Time for yet another Bush Iraq photo-op. Heck, the last one — when the president popped into the liberated Green Zone to once again proclaim a turning point in his obviously endless war — worked so well that he went up five points in some opinion polls.
No matter that the government in Baghdad is as dysfunctional and powerless as ever, that the rate of U.S. and Iraqi deaths has climbed since Bush's visit, that the war is on a trajectory to cost significantly more than $1 trillion, and that the American flag is desecrated by examples of rape, murder and torture. Most of the world acknowledges that the U.S. presence in Iraq is part of the problem, not the solution, but the facts on the ground matter not at all to the Bushites for whom "staying the course" in Iraq is perceived as a winning electoral strategy at home.
Victory in Iraq is a secondary, and more elusive, goal. The most recent source of optimism was the much ballyhooed death of Abu Musab al-Zarqawi, the Al Qaeda leader in Iraq who the White House had systematically built up in importance to frame our occupation of Iraq as part of the "war on terror."
The reality, however, always has been that so-called "foreign fighters" play a small part in the virulent Iraqi civil war. For most Iraqis, we are the main foreign fighters in Iraq and our occupation strengthens the hand of extremists, exacerbates sectarian tensions and impedes the development of a unity government based on compromise.
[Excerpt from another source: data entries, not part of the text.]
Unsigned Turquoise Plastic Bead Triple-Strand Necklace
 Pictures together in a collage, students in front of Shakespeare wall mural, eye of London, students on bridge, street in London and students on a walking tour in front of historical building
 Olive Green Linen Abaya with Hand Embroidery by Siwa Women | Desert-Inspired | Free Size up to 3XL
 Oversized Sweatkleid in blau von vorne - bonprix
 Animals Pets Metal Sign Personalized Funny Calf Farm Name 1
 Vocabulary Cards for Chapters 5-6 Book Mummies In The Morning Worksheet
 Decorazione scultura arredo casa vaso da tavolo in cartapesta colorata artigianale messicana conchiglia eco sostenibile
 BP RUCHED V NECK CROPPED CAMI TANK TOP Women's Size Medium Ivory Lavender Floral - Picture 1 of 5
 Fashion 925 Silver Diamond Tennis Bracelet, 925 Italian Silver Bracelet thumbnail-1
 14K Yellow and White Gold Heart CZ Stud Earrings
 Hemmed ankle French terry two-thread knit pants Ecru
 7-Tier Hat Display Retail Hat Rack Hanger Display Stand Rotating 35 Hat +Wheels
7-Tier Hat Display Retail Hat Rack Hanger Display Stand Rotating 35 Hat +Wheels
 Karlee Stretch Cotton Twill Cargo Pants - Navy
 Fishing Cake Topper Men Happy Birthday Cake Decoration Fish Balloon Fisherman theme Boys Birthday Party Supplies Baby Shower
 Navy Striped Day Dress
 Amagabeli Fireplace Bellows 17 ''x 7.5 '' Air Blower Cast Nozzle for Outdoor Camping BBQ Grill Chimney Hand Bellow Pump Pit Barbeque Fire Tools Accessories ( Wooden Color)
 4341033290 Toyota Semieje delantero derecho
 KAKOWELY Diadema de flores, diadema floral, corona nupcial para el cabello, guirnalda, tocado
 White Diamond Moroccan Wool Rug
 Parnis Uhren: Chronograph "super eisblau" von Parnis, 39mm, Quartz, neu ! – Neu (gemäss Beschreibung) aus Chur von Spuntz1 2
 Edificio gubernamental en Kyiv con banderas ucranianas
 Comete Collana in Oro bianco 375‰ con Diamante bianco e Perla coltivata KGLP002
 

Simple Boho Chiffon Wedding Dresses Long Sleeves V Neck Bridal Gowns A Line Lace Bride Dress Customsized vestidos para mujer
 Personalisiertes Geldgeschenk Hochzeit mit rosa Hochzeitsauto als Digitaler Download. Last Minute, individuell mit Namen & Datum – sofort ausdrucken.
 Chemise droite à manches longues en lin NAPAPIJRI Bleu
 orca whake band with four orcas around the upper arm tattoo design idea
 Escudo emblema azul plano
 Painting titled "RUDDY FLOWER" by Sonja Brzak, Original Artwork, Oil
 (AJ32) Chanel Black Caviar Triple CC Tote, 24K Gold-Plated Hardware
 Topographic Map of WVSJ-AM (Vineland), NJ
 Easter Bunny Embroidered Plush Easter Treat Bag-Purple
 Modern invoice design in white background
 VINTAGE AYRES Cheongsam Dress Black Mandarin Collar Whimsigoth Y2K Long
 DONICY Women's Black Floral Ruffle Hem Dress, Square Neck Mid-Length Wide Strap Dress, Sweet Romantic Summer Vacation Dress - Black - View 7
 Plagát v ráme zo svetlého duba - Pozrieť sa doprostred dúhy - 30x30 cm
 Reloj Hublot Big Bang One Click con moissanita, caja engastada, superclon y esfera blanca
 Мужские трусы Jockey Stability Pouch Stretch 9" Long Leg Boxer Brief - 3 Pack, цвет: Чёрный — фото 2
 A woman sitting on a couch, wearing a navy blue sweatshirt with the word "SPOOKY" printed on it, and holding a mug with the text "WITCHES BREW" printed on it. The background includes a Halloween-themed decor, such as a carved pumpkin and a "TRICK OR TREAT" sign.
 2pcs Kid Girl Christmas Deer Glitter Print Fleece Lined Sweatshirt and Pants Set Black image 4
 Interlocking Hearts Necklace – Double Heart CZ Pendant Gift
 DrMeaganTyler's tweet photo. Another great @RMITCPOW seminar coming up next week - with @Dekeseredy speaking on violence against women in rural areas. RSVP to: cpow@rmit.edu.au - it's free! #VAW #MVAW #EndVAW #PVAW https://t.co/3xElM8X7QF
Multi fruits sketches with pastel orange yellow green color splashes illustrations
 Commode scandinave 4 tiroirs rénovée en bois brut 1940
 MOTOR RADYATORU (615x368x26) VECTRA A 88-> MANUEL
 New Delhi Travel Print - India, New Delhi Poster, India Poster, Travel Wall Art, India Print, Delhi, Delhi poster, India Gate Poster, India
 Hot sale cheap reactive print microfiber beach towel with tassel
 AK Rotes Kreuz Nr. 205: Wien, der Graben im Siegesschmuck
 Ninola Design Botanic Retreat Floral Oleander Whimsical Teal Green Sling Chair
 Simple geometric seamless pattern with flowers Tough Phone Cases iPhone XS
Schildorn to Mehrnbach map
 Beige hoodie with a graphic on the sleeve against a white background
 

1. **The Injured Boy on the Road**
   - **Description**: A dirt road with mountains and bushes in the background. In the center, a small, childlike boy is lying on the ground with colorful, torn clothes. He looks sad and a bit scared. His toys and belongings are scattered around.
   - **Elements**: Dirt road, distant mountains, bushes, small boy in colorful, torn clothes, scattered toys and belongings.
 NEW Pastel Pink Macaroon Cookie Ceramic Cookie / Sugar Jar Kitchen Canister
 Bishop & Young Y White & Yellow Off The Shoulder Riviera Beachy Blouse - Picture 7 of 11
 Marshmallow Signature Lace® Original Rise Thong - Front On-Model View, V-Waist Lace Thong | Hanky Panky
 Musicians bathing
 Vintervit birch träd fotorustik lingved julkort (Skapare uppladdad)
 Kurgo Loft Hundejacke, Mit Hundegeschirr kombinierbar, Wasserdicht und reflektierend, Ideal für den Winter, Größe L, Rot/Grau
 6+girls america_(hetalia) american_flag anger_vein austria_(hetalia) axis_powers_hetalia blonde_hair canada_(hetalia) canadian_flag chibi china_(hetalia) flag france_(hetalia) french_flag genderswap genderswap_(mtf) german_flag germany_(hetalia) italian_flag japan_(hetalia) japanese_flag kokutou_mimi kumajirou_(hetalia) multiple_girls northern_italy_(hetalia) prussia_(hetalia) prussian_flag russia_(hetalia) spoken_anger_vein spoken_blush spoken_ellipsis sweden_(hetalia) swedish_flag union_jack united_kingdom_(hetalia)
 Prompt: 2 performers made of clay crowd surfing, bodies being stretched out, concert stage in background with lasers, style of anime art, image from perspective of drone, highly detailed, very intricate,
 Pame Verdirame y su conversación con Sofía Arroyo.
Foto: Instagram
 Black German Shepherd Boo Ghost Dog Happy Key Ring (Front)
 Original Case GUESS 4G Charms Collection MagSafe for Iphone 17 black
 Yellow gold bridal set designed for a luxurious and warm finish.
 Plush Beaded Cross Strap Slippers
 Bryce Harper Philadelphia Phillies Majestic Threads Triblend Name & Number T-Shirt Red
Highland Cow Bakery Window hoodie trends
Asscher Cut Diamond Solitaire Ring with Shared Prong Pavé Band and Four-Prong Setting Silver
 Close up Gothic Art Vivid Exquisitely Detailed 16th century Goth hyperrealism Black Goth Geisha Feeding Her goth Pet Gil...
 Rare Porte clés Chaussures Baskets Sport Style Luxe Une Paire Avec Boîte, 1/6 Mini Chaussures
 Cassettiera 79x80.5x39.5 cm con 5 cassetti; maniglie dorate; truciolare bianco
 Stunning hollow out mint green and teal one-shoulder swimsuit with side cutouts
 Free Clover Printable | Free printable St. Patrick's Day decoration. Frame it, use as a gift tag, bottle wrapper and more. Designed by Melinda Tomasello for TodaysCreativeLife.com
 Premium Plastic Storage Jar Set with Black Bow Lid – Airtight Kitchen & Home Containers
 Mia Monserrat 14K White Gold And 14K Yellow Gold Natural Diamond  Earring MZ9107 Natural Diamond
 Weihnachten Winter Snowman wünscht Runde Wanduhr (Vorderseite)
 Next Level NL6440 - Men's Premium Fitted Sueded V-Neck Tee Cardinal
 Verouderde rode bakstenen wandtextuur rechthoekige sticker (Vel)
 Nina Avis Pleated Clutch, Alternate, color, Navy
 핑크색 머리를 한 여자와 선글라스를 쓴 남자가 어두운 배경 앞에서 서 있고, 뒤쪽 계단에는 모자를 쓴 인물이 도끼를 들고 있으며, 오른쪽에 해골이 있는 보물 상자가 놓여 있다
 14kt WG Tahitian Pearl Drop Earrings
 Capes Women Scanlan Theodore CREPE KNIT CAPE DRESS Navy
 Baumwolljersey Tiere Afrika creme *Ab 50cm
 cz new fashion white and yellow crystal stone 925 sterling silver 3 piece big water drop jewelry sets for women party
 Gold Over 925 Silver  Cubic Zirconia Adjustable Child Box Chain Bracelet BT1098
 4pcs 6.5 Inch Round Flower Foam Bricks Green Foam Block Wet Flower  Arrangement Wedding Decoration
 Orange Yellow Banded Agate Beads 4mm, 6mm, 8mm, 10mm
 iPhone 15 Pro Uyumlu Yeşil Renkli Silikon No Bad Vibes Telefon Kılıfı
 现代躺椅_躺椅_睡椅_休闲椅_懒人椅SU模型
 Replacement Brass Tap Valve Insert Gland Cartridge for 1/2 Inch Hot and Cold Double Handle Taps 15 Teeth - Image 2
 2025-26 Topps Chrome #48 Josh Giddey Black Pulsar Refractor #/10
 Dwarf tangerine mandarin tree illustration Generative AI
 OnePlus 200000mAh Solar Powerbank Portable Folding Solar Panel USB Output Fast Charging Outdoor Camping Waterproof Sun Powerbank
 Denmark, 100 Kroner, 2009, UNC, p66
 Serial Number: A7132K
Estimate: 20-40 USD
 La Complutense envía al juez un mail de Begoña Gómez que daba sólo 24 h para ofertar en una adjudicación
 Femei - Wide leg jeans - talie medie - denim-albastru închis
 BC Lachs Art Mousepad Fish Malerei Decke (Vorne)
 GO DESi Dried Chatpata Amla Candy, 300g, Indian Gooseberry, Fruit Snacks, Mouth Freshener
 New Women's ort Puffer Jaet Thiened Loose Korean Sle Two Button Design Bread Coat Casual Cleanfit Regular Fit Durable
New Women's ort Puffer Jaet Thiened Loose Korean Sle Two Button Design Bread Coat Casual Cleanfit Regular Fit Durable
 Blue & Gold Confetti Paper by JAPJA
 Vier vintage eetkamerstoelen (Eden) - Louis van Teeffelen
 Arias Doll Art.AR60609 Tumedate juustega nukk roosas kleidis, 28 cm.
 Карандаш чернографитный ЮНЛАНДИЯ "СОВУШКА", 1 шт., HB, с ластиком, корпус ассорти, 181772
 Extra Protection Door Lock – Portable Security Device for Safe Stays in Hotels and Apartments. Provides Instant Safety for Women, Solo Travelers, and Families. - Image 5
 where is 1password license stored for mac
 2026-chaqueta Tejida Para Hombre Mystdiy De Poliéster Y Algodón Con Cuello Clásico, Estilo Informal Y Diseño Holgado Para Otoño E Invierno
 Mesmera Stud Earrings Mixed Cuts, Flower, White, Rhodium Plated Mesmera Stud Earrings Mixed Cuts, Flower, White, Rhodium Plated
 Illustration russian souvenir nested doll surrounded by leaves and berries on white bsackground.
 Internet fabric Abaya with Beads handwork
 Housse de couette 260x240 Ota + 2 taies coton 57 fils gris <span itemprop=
Thus, we shouldn't be surprised that Zarqawi's death has not brought any diminution of violence, as was admitted by U.S. Ambassador Zalmay Khalilzad in a recent interview with the BBC: "[I]n terms of the level of violence, it has not had any impact at this point. As you know, the level of violence is still quite high." In the past few days alone, we have seen the abduction of a top Sunni female legislator, a blast in a Shiite market that killed 66, and a rise in violence against British forces in the once-pacified south.
Yet, as Bush's slight rise in the polls indicates, there are still many naive Americans eager to be convinced that we have turned some magical corner in Iraq, despite all evidence to the contrary. In fact, the Karl Rove-led campaign to retain GOP control of Congress now is trying to spin the war as an asset, and all too many Democrats are willing to play along. Chief among those Bush fellow travelers is Senator Joe Lieberman, who on Monday announced his intention to run as a ticket-splitting independent, should Democrats in Connecticut reject his Senate re-election bid because of his cheerleading for the war.
"I have loyalties that are greater than those to my party," said the former vice presidential candidate, who last December made the anti-democratic claim that, "We undermine the president's credibility at our nation's peril."
Less overt is the waffling of New York Senator Hillary Clinton, but her confusion is arguably more damaging to the Democrats, given her position as the party's front-running presidential aspirant. At least Lieberman stands exposed as a true believer in the Bush crusade, whereas Clinton continues to support a war that her confidants tell us she knows is wrong.
If Clinton does indeed know better than to support the war, let her say it out loud — and clearly. Why is it so difficult for the Democrats to grasp that waffling doesn't work as a form of leadership? The public takes it as a sign of moral disarray. Does anyone doubt that John Kerry lost the 2004 presidential election when he whiffed on Bush's curveball question: Knowing what you know now, would you have supported the Iraq invasion? He should have instantly said, "Hell no, you lied to Congress and the American people and deserve to be defeated precisely for that betrayal of the public trust."
Instead, as he ruefully insisted last month when I questioned him on this, he allowed a campaign spokesperson to say that he still supported an invasion that most Democrats had long since realized was a terrible mistake. In the following weeks, he attempted to regain some footing on the issue, but it was too late — the inept Bush had once again been allowed to seem Churchill-like by comparison.
It is high time the folks who make up the base of the Democratic Party took a page from the playbook of the Republican Right and backed candidates willing to stand up for their values, rather than wasting their money, time and votes on those who won't.